We develop pointer analyses suitable for use highly time-constrained environments, such as just-in-time (JIT) compilers and interactive development environments (IDEs). In such environments, the running time of the analysis is critical, leading one to consider demand-driven solutions. In the worst case, however, a demand-driven analysis can take as long as an exhaustive analysis. For long-running queries, such environments could use early termination and simply stop the analysis after some timeout. Previous demand-driven pointer analyses do not perform well under such early termination constraints.
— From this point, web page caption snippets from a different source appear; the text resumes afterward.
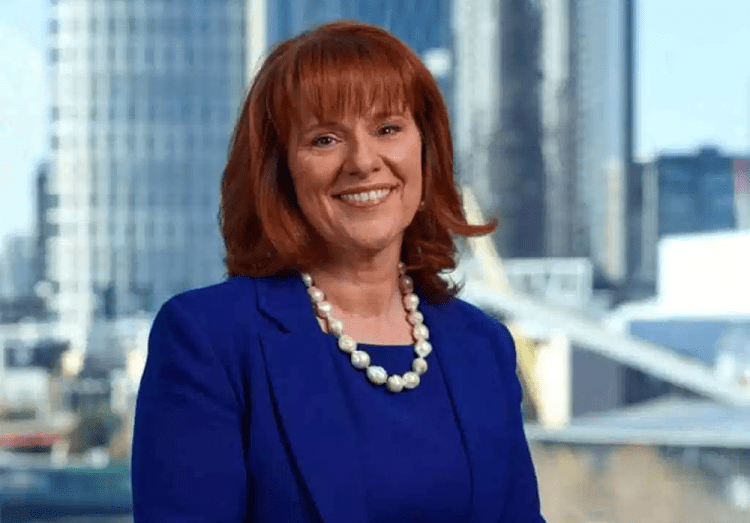 Karen Bolinger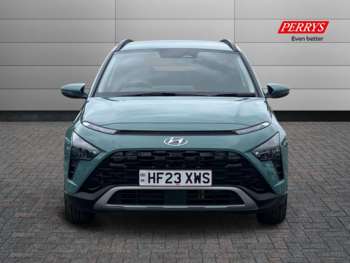 Used Hyundai BAYON 2023 for sale - 75342180: Photo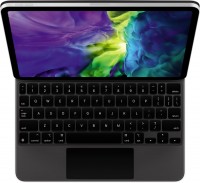 Magic Keyboard (DE) für iPad Air 5. Gen/Pro 11" 4. Gen schwarz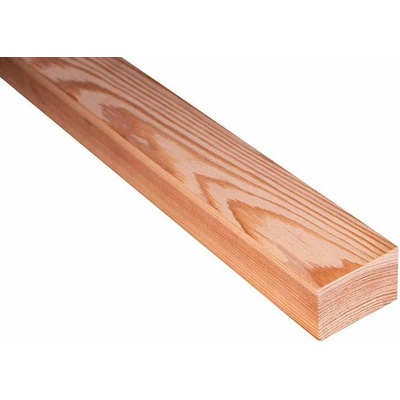 Hahn Holz Modřín slezský - hranol 45x70 Objednat délku: 3000mm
We formulate Andersen's analysis for Java as a CFL-reachability problem, and observe that it has the balanced-parentheses property seen in other program analysis problems. We use this observation to develop two new demand-driven pointer analysis algorithms, DemandFB and TargetedFS, that are suitable for use with early termination. DemandFB is an extremely simple field-based algorithm that essentially performs a depth-first search of the CFL-reachability graph. TargetedFS iteratively adds field-sensitivity to DemandFB where profitable, exploiting the balanced-parentheses structure for efficiency. We show that DemandFB is a very effective algorithm under early termination; for our clients, it can answer 89-94% of virtual call queries as precisely as an exhaustive field-sensitive Andersen's analysis, with each query taking less than 2ms. DemandFB can answer all queries in hot methods of javac with the same precision as an exhaustive field-sensitive Andersen's analysis, with a 34x speedup (and a 16x speedup over exhaustive field-based analysis). We also show that given a limited budget, TargetedFS is better than known demand-driven pointer analyses at closing the gap between DemandFB and exhaustive field-sensitive Andersen's.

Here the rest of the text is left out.